Ecc. 7:16 Be not righteous over much; neither make thyself over wise: why shouldest thou destroy thyself ?17 Be not over much wicked, neither be thou foolish: why shouldest thou die before thy time?18 It is good that thou shouldest take hold of this; yea, also from this withdraw not thine hand: for he that feareth God shall come forth of them all.19 Wisdom strengtheneth the wise more than ten mighty men which are in the city.20 For there is not a just man upon earth, that doeth good, and sinneth not.21 Also take no heed unto all words that are spoken; lest thou hear thy servant curse thee:22 For oftentimes also thine own heart knoweth that thou thyself likewise hast cursed others.23 All this have I proved by wisdom: I said, I will be wise; but it was far from me.
Ecc. 9:1 For all this I considered in my heart even to declare all this, that the righteous, and the wise, and their works, are in the hand of God: no man knoweth either love or hatred by all that is before them.2 All things come alike to all: there is one event to the righteous, and to the wicked; to the good and to the clean, and to the unclean; to him that sacrificeth, and to him that sacrificeth not: as is the good, so is the sinner; and he that sweareth, as he that feareth an oath.
3) Prov. 20:9 Who can say, I have made my heart clean, I am pure from my sin?
We have no authority to cleanse ourselves from sin, but we can be cleansed when we confess our sins and repent. The text in Proverbs often mirrors the reality through poetry, analogies and general principles, which means that the text does not necessarily convey the truth in a literal sense. Proverbs 20:9 poses an important question to think about, because who can really say that he/she has never sinned? The case is usually the opposite – that people are unclean due to ongoing sins. Not because they have to commit sins but because of their own choices. The point in likely to express the fact that sinning is (sadly) common among people. Babies have never sinned and cannot even do so because they are not aware of the law, but they can on the other hand not read any advice in Proverbs so the text is not written for their sake. If Proverbs 20:9 should be read in a literal sense as though there is absolutely no one under the sun who has a pure heart because of constant sins, the chapter and the book of Proverbs contain multiple contradictions. We can even read in the verses prior to Prov. 20:9 and right after it, that man can indeed cease from strife, can be just, pure, etc.

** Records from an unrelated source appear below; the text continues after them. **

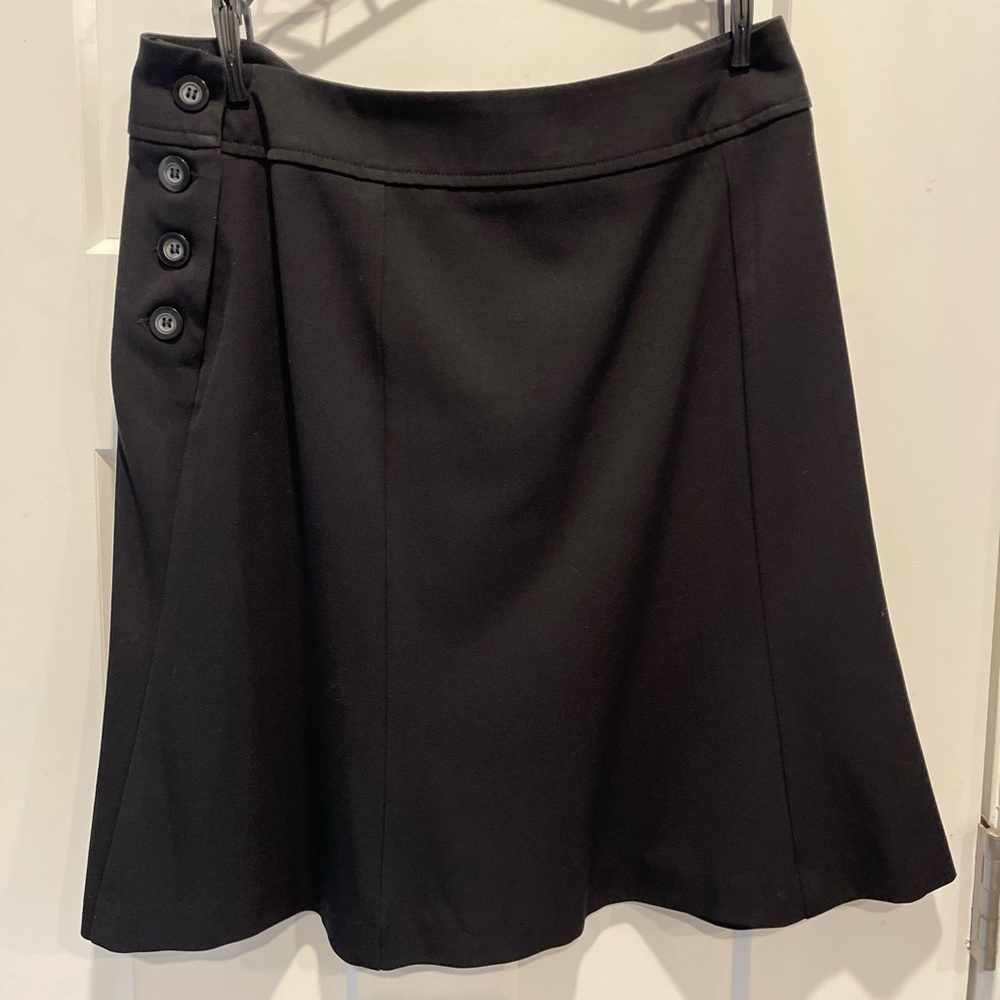 APT 9 black flared skirt! Adorable side waist buttons.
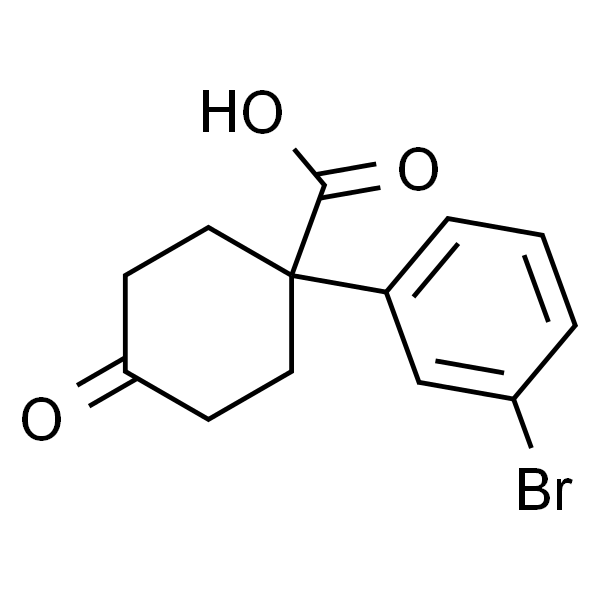 1-(3-溴苯基)-4-氧代环己烷甲酸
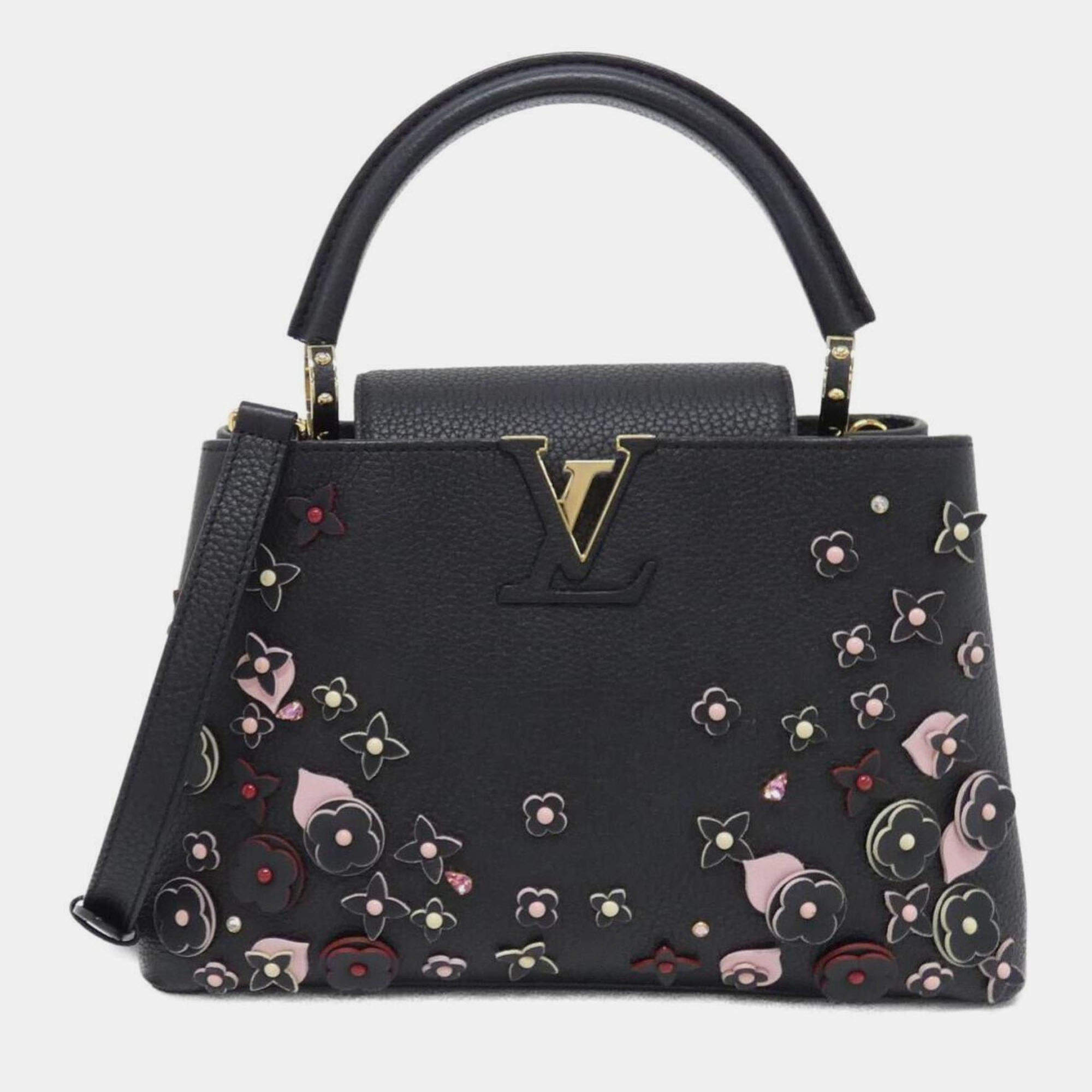 Pre Owned Louis Vuitton Flower Capucines Mm Handbag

Prov. 20:3 It is an honour for a man to cease from strife: but every fool will be meddling.—7 The just man walketh in his integrity: his children are blessed after him.8 A king that sitteth in the throne of judgment scattereth away all evil with his eyes.—11 Even a child is known by his doings, whether his work be pure, and whether it be right.—15 There is gold, and a multitude of rubies: but the lips of knowledge are a precious jewel.—19 He that goeth about as a talebearer revealeth secrets: therefore meddle not with him that flattereth with his lips.20 Whoso curseth his father or his mother, his lamp shall be put out in obscure darkness.—22 Say not thou, I will recompense evil; but wait on the Lord, and he shall save thee.23 Divers weights are an abomination unto the Lord; and a false balance is not good.—30 The blueness of a wound cleanseth away evil: so do stripes the inward parts of the belly.